松村涼哉 『1パーセントの教室2』 (電撃文庫)

1パーセントの教室2 (電撃文庫)

1パーセントの教室2 (電撃文庫)

この教室はとっくに狂い始めているんだ。

これから不幸になるひとを好きになってしまう“死神”日比野明日香に,雨ケ崎誠也が見初められてから一ヶ月が経った.彼女の助けによってなんとか災難をやり過ごして来た誠也だったが,演劇部の倉庫が全焼する事件に巻き込まれ,入院する羽目になる.事件の裏には,演劇部員をはじめとした様々な思惑が渦を巻いていた.
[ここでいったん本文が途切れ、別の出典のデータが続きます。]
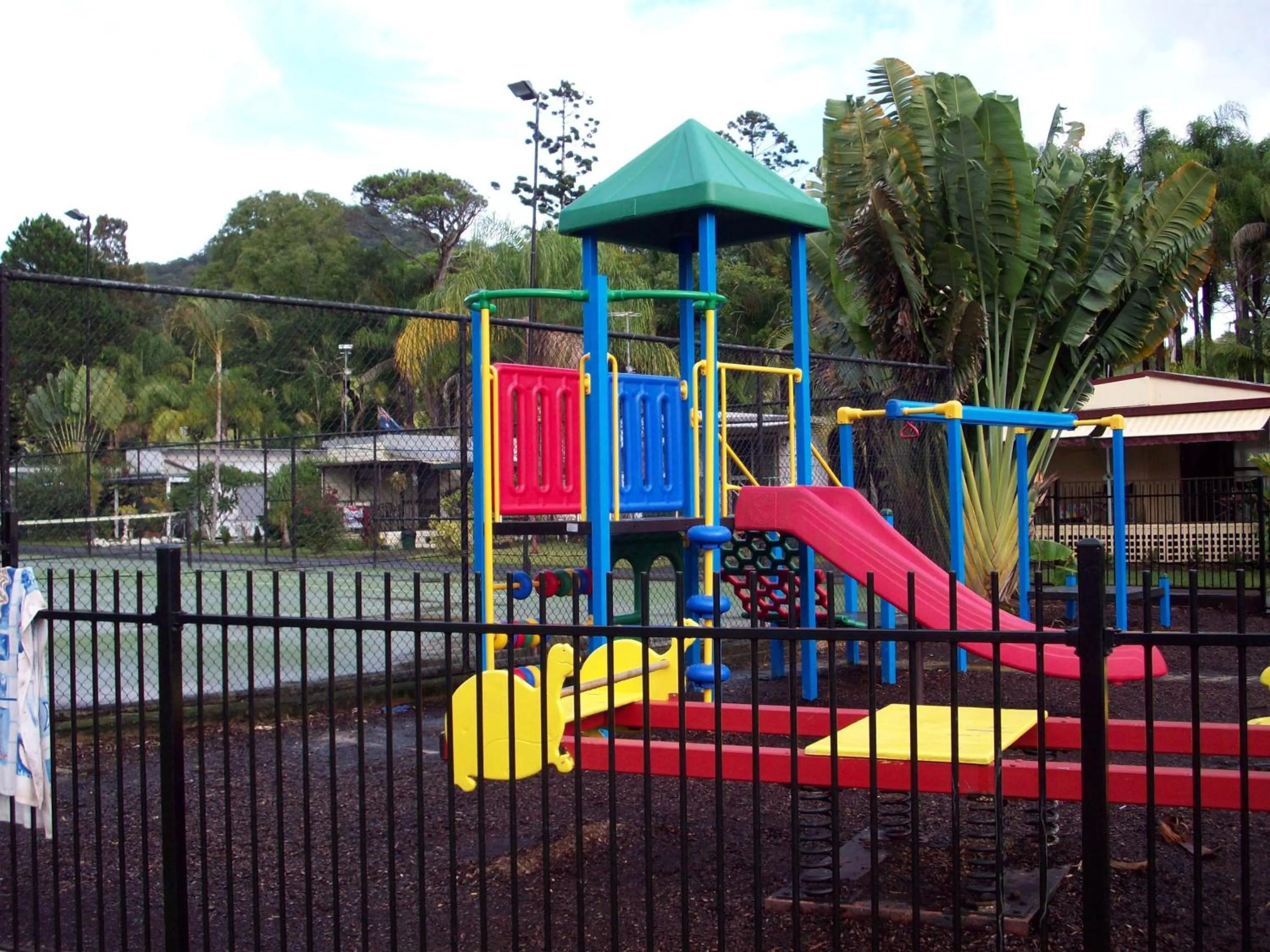 Children play ground in Banana Coast Caravan Park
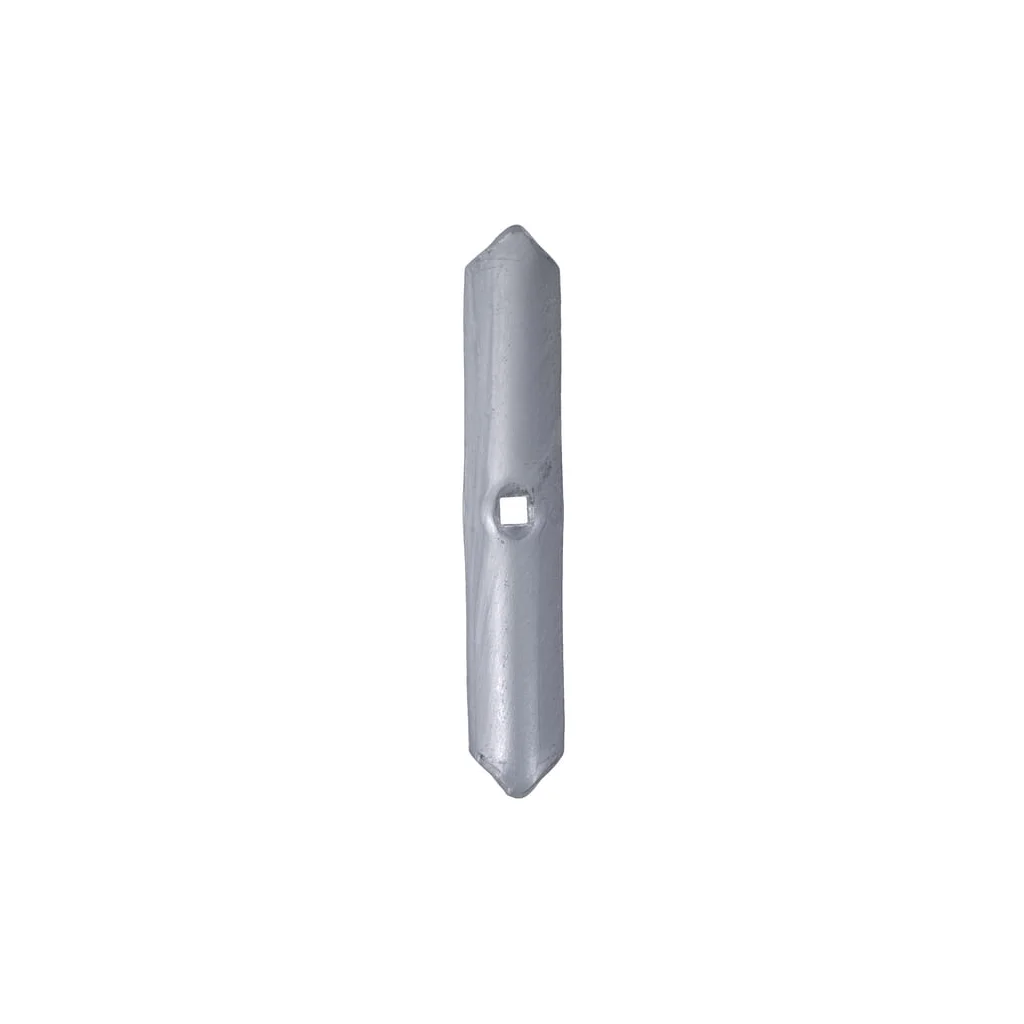 [AMAT2-44248] Vârf de cultivator, 210x35x8mm, 1 orificiu, reversibil, potrivit pentru Kongskilde 101000948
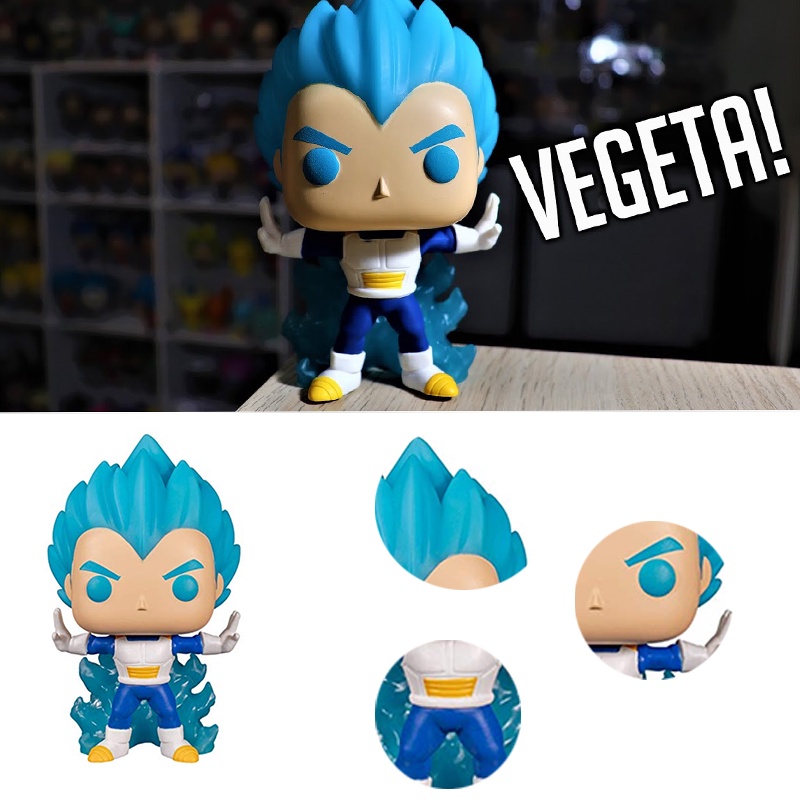 Bola Vegeta Dragon Z Powering Up Glow In The Dark Funko Pop Figure Model Vinyl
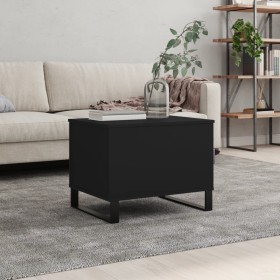 Mesa de centro madera contrachapada negro 60x44,5x45 cm de , Mesas de centro - Ref: Foro24-830957, Precio: 57,15 €, Descuento: %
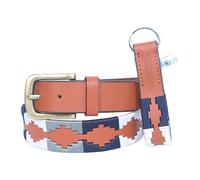 EQUEPETS Premium Leather Polo Belt for Men - Handcrafted Argentine Style - Elegant & Durable - Adjustable Fit - Perfect for Casual & Formal Wear, Multicolor (L)
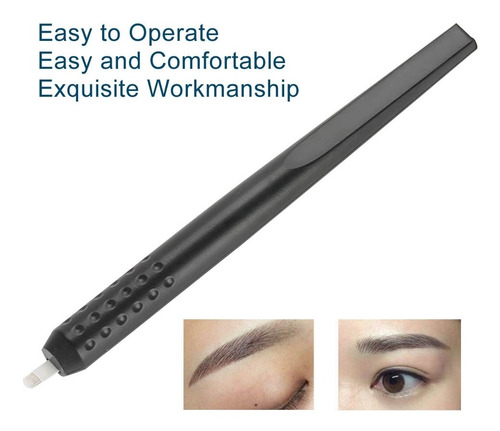 Desechables Microblading Pen Manual De Cejas Lápiz Semi Perm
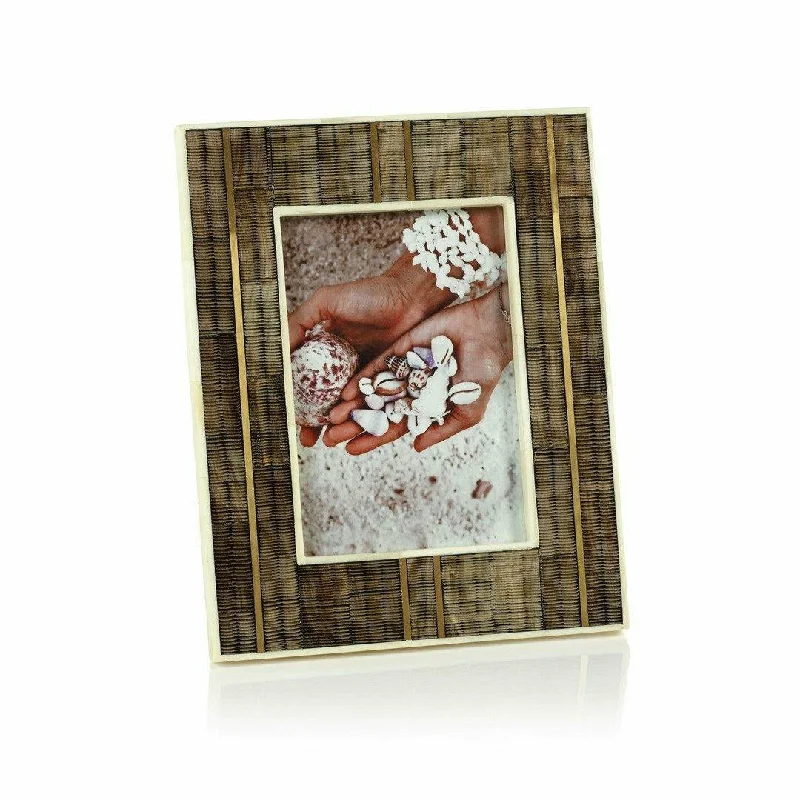 Tranas Horn with Bone Inlay Photo Frame-5" x 7"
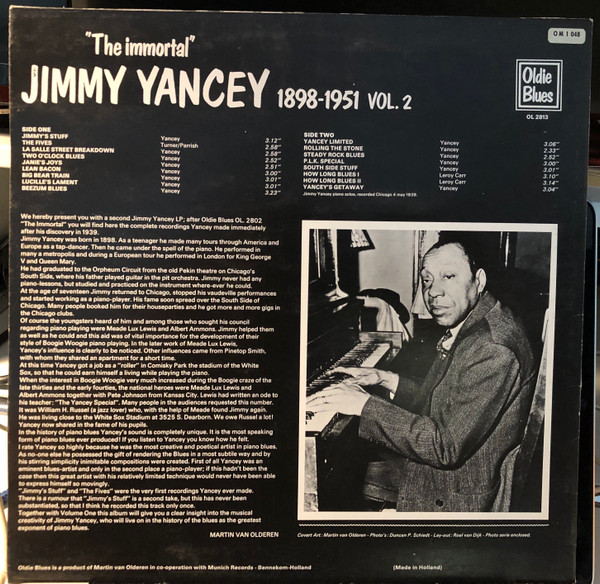 Jimmy Yancey - The Immortal Jimmy Yancey 1898-1951 Vol. 2 (LP, Comp) (Very Good Plus (VG+)) - Image 4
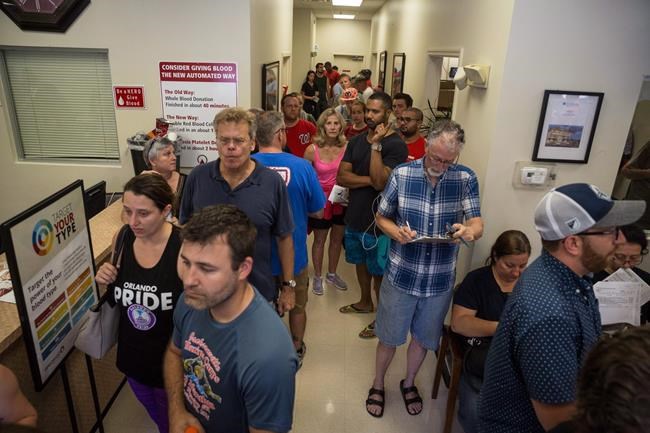 Orlando a stark reminder that gay men still face obstacles to donating blood | iNFOnews.ca Orlando a stark reminder that gay men still face obstacles to donating blood | iNFOnews.ca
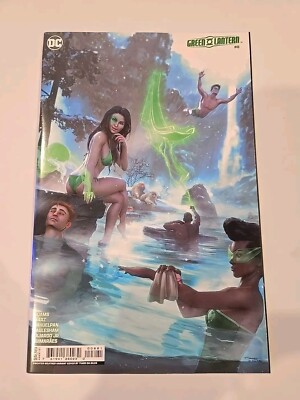 GREEN LANTERN #8 TIAGO DA SILVA SWEATER WEATHER CARD STOCK VARIANT 2024 DC NM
その少女に好かれた相手は99パーセント不幸になる.生き残るための1パーセントを目指してもがいてゆく高校生を描く学園ミステリ.ひとを操るという「祭」と,九尾の狐と帝の伝説の「見立て」をキーにした謎の組み立てもさることながら,演劇部員たちの描写がとても良かった.最初は友好的だったのに,裏の顔を持ち,いつの間にか話す理屈がおかしくなってゆく.本人たちはその理屈のおかしさがわかっていない.言葉は通じるのに,話がまったく噛み合わない相手がいかに気持ち悪くて恐ろしいかを存分に見せつけられる.

そこからの後半.「あまりに人として終わっている」黒幕を追い詰め,説得する方法が力技すぎてちょう楽しい.よりによってそれか! という落差からくるカタルシスがすごすぎて笑ってしまった.ちゃんと説得力があるし,良い意味で脱力する.ひたすら暗黒ミステリだったデビュー二作に比べると妙にユーモアもあるし,良い感じに力が抜けてきているのではないでしょうか.今後も楽しみにしております.